OH, I almost forgot the best part. It is crazy fast.

https://attractivechaos.wordpress.com/2018/01/13/revisiting-hash-table-performance/
https://attractivechaos.wordpress.com/2019/12/28/deletion-from-hash-tables-without-tombstones/

My naive benchmark shows -- compared to emsi_containers.HashMap -- 30% 
faster inserts, 80% faster serial retrieval and 70% faster random 
retrieval. Perhaps I am doing something wrong?

James
Aug 23 2020
parent reply ikod <igor.khasilev gmail.com> writes:
On Monday, 24 August 2020 at 01:39:26 UTC, James Blachly wrote:
 OH, I almost forgot the best part. It is crazy fast.

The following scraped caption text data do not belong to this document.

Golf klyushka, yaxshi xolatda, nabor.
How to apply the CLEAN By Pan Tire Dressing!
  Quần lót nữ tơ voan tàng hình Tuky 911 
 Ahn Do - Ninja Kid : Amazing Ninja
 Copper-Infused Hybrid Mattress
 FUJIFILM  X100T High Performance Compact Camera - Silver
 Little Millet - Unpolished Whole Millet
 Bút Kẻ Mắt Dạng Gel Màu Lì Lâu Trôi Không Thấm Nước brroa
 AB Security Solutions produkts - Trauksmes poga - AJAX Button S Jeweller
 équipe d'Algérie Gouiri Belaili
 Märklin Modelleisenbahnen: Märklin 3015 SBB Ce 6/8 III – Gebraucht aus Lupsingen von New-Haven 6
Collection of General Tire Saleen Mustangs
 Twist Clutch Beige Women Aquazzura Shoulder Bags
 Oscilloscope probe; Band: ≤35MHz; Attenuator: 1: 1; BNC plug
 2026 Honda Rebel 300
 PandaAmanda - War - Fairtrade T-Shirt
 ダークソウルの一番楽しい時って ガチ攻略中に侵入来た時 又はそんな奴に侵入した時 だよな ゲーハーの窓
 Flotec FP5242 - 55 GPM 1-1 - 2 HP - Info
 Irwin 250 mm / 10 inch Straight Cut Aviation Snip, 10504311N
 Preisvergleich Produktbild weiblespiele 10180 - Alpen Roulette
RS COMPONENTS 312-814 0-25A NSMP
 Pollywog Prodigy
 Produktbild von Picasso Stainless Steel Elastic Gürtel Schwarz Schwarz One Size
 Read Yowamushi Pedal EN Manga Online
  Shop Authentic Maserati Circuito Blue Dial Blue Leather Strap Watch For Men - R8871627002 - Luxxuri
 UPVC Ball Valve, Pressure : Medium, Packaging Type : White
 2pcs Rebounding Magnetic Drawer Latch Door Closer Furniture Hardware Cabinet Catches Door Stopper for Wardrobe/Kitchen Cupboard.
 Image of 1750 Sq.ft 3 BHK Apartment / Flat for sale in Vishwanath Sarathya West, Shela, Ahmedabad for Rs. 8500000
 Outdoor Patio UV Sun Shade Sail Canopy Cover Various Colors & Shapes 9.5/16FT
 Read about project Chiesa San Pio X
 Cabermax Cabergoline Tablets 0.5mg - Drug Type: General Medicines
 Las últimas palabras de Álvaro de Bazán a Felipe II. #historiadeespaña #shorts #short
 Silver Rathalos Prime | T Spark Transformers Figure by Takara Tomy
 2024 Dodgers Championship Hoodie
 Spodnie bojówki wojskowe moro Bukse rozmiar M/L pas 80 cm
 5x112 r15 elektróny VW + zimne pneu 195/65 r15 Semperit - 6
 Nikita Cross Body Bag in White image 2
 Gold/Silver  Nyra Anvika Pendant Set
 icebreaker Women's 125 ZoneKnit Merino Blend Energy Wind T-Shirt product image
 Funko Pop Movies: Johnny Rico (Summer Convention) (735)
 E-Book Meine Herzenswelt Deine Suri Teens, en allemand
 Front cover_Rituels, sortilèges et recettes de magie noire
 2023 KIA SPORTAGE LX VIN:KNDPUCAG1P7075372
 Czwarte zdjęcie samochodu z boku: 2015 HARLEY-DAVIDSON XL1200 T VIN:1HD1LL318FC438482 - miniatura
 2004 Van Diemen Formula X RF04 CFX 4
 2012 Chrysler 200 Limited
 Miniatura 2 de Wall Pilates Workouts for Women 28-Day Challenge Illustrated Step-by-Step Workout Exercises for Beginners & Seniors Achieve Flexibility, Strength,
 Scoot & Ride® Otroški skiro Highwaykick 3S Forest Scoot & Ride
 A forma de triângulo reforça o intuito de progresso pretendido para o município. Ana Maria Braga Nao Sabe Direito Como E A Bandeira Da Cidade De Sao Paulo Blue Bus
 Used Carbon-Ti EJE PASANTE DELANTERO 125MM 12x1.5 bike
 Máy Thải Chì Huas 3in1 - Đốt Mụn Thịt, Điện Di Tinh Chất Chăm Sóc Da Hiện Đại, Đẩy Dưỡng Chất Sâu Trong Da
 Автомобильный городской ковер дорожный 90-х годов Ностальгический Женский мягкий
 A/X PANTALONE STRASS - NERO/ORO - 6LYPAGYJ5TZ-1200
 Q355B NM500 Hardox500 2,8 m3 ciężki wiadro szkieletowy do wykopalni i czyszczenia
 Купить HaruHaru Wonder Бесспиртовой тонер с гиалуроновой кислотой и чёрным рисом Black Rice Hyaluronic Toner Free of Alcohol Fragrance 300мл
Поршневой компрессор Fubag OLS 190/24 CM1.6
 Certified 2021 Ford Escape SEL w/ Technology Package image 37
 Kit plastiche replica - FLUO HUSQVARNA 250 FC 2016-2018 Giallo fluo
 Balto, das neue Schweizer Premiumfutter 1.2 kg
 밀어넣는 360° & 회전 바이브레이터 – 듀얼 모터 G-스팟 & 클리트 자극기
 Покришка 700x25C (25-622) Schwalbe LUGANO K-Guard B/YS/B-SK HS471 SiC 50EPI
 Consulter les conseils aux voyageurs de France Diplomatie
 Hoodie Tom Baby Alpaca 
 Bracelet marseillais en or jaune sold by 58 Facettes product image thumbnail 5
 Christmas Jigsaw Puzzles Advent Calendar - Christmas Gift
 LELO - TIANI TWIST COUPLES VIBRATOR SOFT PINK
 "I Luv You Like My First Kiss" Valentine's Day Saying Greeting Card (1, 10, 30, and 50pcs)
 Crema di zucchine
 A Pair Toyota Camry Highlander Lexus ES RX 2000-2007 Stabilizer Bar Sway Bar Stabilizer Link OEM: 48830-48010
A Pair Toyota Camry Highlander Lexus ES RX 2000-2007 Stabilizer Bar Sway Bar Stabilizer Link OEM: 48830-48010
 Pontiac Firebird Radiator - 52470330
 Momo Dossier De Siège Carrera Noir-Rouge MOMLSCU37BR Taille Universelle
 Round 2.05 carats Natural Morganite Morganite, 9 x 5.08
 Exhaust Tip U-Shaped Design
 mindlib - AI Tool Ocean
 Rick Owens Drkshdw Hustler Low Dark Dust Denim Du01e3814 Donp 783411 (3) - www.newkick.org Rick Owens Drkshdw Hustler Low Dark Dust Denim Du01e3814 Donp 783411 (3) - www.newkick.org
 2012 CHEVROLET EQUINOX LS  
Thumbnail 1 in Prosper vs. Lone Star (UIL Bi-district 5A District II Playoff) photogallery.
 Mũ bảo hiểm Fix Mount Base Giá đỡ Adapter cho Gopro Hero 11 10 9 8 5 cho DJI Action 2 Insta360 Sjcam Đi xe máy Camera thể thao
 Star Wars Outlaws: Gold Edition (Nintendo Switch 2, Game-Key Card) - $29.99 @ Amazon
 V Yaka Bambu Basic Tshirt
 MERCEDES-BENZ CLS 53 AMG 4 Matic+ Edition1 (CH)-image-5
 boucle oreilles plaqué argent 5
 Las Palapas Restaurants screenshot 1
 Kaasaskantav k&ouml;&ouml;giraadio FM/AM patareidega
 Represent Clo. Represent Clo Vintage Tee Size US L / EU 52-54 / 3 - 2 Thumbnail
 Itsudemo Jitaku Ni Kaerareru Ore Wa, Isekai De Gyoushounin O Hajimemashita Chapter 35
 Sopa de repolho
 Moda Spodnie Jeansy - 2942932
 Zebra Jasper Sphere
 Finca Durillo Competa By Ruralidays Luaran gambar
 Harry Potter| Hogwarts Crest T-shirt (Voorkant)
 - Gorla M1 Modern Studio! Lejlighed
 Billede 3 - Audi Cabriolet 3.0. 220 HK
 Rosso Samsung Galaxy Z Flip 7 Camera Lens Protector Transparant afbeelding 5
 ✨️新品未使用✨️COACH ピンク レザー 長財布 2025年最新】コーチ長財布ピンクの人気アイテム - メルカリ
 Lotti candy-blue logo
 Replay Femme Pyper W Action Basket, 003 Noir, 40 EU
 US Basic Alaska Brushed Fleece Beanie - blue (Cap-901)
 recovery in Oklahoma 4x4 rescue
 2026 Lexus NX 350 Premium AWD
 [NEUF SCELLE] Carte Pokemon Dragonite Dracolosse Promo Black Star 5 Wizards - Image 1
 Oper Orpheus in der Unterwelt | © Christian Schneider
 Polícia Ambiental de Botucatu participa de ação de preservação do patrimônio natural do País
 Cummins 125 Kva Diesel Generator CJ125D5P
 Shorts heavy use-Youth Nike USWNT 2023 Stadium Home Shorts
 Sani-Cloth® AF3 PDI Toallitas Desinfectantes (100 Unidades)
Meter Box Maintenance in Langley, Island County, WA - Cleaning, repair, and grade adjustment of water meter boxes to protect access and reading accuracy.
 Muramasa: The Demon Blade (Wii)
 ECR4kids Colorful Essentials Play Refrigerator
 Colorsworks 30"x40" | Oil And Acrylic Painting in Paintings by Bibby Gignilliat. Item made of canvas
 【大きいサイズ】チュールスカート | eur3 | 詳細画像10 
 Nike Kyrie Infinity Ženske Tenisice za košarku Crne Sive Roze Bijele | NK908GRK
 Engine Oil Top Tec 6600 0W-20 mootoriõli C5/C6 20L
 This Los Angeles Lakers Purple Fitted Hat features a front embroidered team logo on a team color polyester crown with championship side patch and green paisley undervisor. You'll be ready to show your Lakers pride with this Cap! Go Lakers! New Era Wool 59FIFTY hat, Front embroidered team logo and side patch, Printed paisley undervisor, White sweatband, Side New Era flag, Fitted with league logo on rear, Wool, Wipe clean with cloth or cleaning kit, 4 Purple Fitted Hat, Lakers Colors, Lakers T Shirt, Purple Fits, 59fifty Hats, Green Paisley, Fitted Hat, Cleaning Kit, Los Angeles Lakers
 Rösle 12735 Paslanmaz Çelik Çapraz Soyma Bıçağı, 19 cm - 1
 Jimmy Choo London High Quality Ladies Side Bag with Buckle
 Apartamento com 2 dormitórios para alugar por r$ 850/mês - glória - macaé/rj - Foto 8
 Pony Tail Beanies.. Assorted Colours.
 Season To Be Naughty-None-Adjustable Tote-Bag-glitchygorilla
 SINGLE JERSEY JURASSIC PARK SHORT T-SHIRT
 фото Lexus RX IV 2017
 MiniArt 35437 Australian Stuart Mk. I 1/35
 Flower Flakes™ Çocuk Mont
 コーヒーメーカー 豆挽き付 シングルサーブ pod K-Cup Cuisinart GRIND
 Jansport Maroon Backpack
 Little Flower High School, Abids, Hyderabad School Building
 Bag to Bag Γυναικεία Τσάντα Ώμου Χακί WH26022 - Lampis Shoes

 https://attractivechaos.wordpress.com/2018/01/13/revisiting-hash-table-performance/
 https://attractivechaos.wordpress.com/2019/12/28/deletion-from-hash-tables-without-tombstones/

 My naive benchmark shows -- compared to emsi_containers.HashMap 
 -- 30% faster inserts, 80% faster serial retrieval and 70% 
 faster random retrieval. Perhaps I am doing something wrong?

 James
Thanks, nice job! You also may want to compare performance with https://github.com/ikod/ikod-containers, just add dependency from ikod-containers, then: import ikod.containers; and use ikod.containers.hashmap.HashMap as alias for container. I squeezed everything I was able from the open-addressing hash map.
Aug 23 2020
parent reply James Blachly <james.blachly gmail.com> writes:
On Monday, 24 August 2020 at 05:51:59 UTC, ikod wrote:
 On Monday, 24 August 2020 at 01:39:26 UTC, James Blachly wrote:
 OH, I almost forgot the best part. It is crazy fast.

 https://attractivechaos.wordpress.com/2018/01/13/revisiting-hash-table-performance/
 https://attractivechaos.wordpress.com/2019/12/28/deletion-from-hash-tables-without-tombstones/

 My naive benchmark shows -- compared to 
 emsi_containers.HashMap -- 30% faster inserts, 80% faster 
 serial retrieval and 70% faster random retrieval. Perhaps I am 
 doing something wrong?

 James
Thanks, nice job! You also may want to compare performance with https://github.com/ikod/ikod-containers, just add dependency from ikod-containers, then: import ikod.containers; and use ikod.containers.hashmap.HashMap as alias for container. I squeezed everything I was able from the open-addressing hash map.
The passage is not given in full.